Jennifer Nettles is Sugarland's sexy singer who is debuting her new solo album, That Girl, and has currently been on tour. Jennifer is fun, unique, and incredibly talented. She speaks with Redbook about everything that has been going on in her life lately.
Redbook: "Your first solo single, "That Girl," has a '70s vibe to it. Did you deliberately set out to be different?"
Jennifer Nettles: "I wanted to do something that felt different, and consequently inspiring, to me. In some ways, it's starting over."
Redbook: "Do you have jitters about that?"
Jennifer Nettles: "I'm ambitious. I do care about success. But I also want the fans to like it because I love it."
Redbook: "A solo album, a new baby...what's left to change in your life?"
Jennifer Nettles: "My home in Nashville is a sweet little cottage, but we've outgrown it with the baby. The living room has a couch, a chair, and a Pack'n Play and there's no other crawling room; there's nothing. So I figured, why not have a baby, put out a solo album, and build a new house all in the same year? What could possibly go wrong?" [Laughs]
RB: "Speaking of moving out of your comfort zone: Sugarland! What's the word? Is it over?"
JN: "We're not broken up. This project is something I've been wanting to do for several years, and Kristian (her Sugarland band mate) and I have been in communication about that from the beginning, because we're supportive of each other. I wanted to show my fans a more intimate side of me. It's going to be a healthy time for both of us to explore things separately from each other, and I think when we come back together, we'll have much more to offer. We'll be reinvigorated."
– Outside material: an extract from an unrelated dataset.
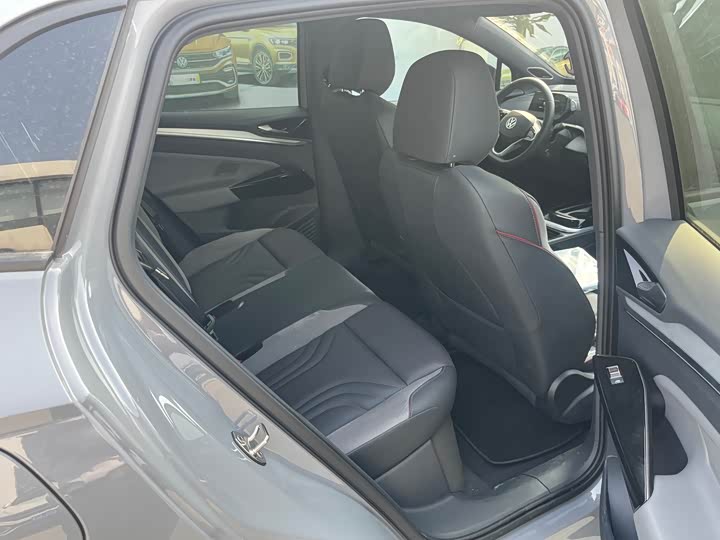 Фото 13 - Volkswagen ID.4 Crozz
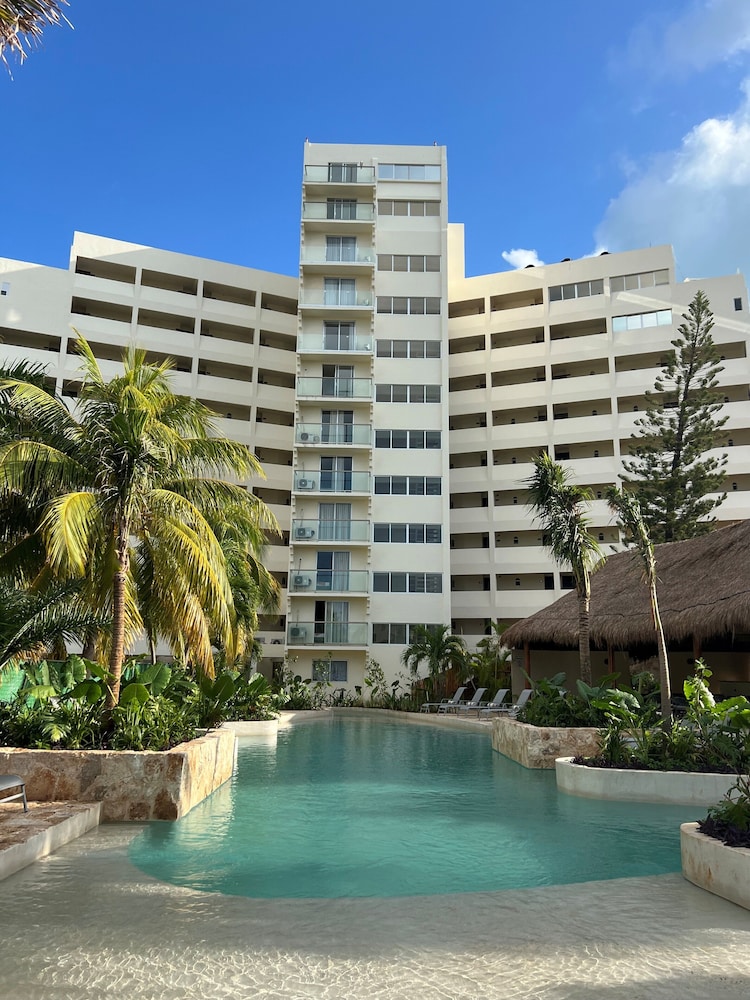 

Bologna - Cancun - Hotel Calypso Cancun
RB: "You have a blog on your website and you're on Twitter. The comments on your feed are overwhelmingly positive, but do you ever get tripped up on something that's not just critical, but nasty?"
JN: "If there is something negative-which is not very often, thankfully-what I do is, I go to those people's profiles and I look at their picture and I get all junior high about it. I make fun to myself, or sometimes with whomever might be in the room. I read their other tweets and I can see how ignorant they are, and I say "Okay, they're an idiot." So that's basically what I do. It helps me. What makes me so upset, though, is I don't understand that kind of mentality. I follow some people on Twitter and read some of their feeds-for example, I love Pink, and people can be super-mean and write, "Die. Why don't you kill yourself?" Which should be illegal, frankly. Now, granted, Pink has millions of followers, I do not. But it's still bullying-it's just online. People think, Oh, they should be impervious, they put themselves out there in public. But we're not impervious; we're human beings. So if I read something bad about Pink, I'll go to those people's profiles and make fun of them, too, in defense of people I love."
RB: "Pink will be moved."
JN: "Pink, if you're listening, I hope you're touched by how I defend you."
RB: "Does the scrutiny of the public eye ever get to you:?"
JN: "I've always been driven, so I'm way more critical of myself than anyone else. I think being in the public eye has probably exacerbated that."
RB: "How so?"
JN: "Perfectionism is really a challenge for me, and it causes me to be super-critical of myself in so many ways: about body image, constantly; about parenting; about being a mother. For me, it's my most important job ever, so I don't want to mess it up. And yet, there's no perfect way to do it! You know? It's important to have an examined life-but it's a fine line between having an examined life and being hypercritical of oneself. There has to be a balance in there somewhere. I haven't found it. When I do, I'll let you know."
RB: "I heard you love a quote that your friend Miranda Lambert tweeted that said, "Knowing what you want doesn't make you a bitch." Expand on that, please."
JN: "You know what? I think many times, we are so challenged as women to be everything, and do everything, and make it look easy. And to speak our minds, but not be bitchy. All these things are, quite frankly, impossible to achieve. So knowing what we want-no, it doesn't make us a bitch. It makes us know what we want, plain and simple."
RB: "The country music community seems so close. Who are you tight with?"
JN: "I enjoy Miranda very much. Also Carrie Underwood, and Kelly Clarkson, who is able to float into the country world and is always super-welcome there. She and I had a whole lot of fun on [the singing competition show] Duets, and whenever I see her, it's fun to catch up. It's nice to have other women especially who you feel support you."
Jennifer Nettles is a proud mom, a supportive friend, and stands up to bullies for people she loves. Jennifer is someone who is inspiring to her fans everywhere.